• _GIVEN DATA_:
___
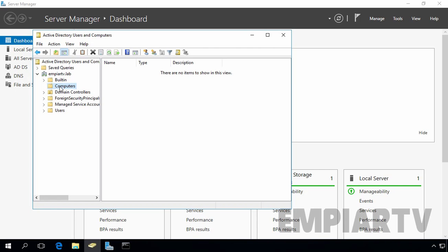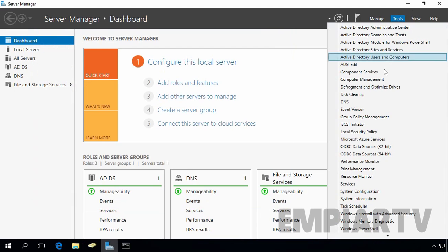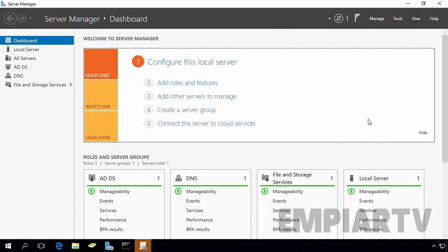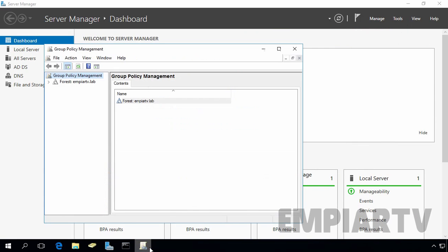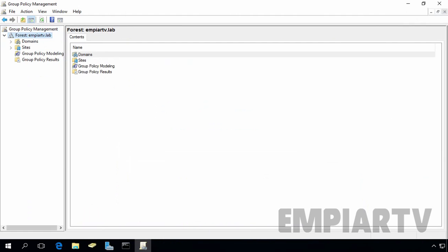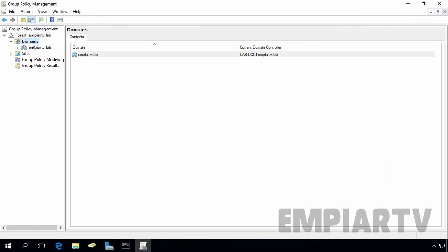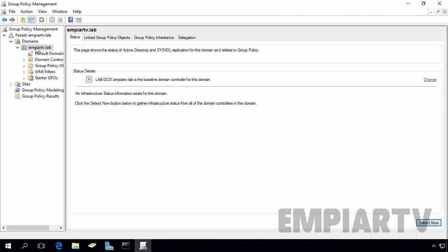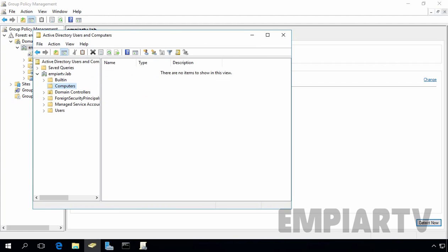However, one thing you may have noticed is that the default computers container does not allow you to link a group policy object. If you click on Tools, select Group Policy Management. On Group Policy Management Console, expand Forest, expand Domains and expand our domain name. As you can see, there is only one container and that is domain container. So you cannot attach group policy object to your built-in computer container.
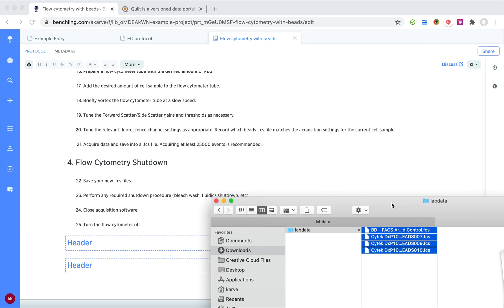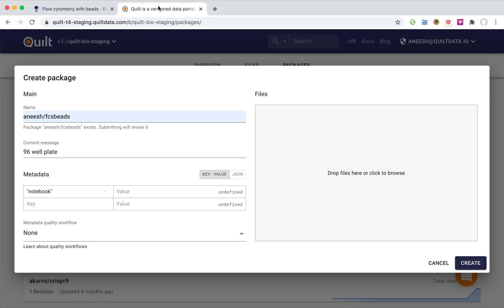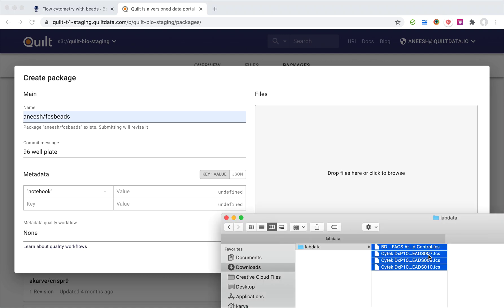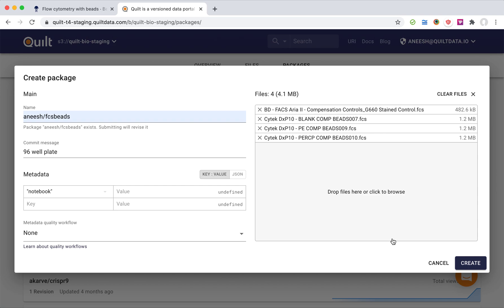So what I'm going to do is open up Quilt. Quilt really is a dataset complement to the notebook. The notebook has maybe really lightweight data figures, it's a journal of my procedures and my methods, but when I want to store heavy datasets I can actually put data of any size into Quilt.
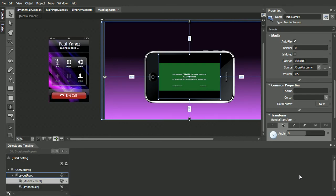So in conclusion, it looks like adding a video player to a Silverlight application is pretty easy. All you need to do is grab the media element component, place it on stage, set its source, and you are good to go.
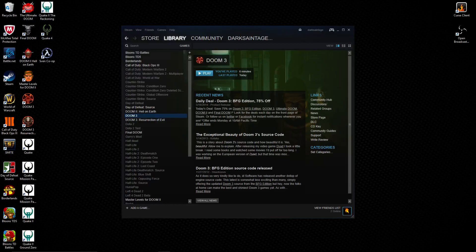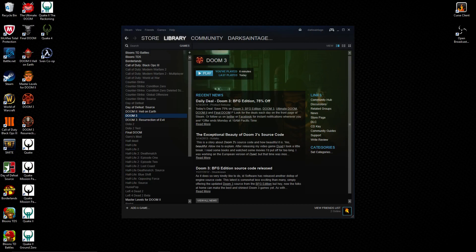DarkSandageGaming here with another tutorial that will take like a minute. I just bought Doom 3 and Doom 3 Resurrection of Evil.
___
• _EXERCISE AIM_:
Here the job is to quote the lines from the one with "So in conclusion, it" through the end of the material, both included, exactly; please skip the pictures.

• _SOLUTION TO THIS TASK_:
So in conclusion, it looks like adding a video player to a Silverlight application is pretty easy. All you need to do is grab the media element component, place it on stage, set its source, and you are good to go.
DarkSandageGaming here with another tutorial that will take like a minute. I just bought Doom 3 and Doom 3 Resurrection of Evil.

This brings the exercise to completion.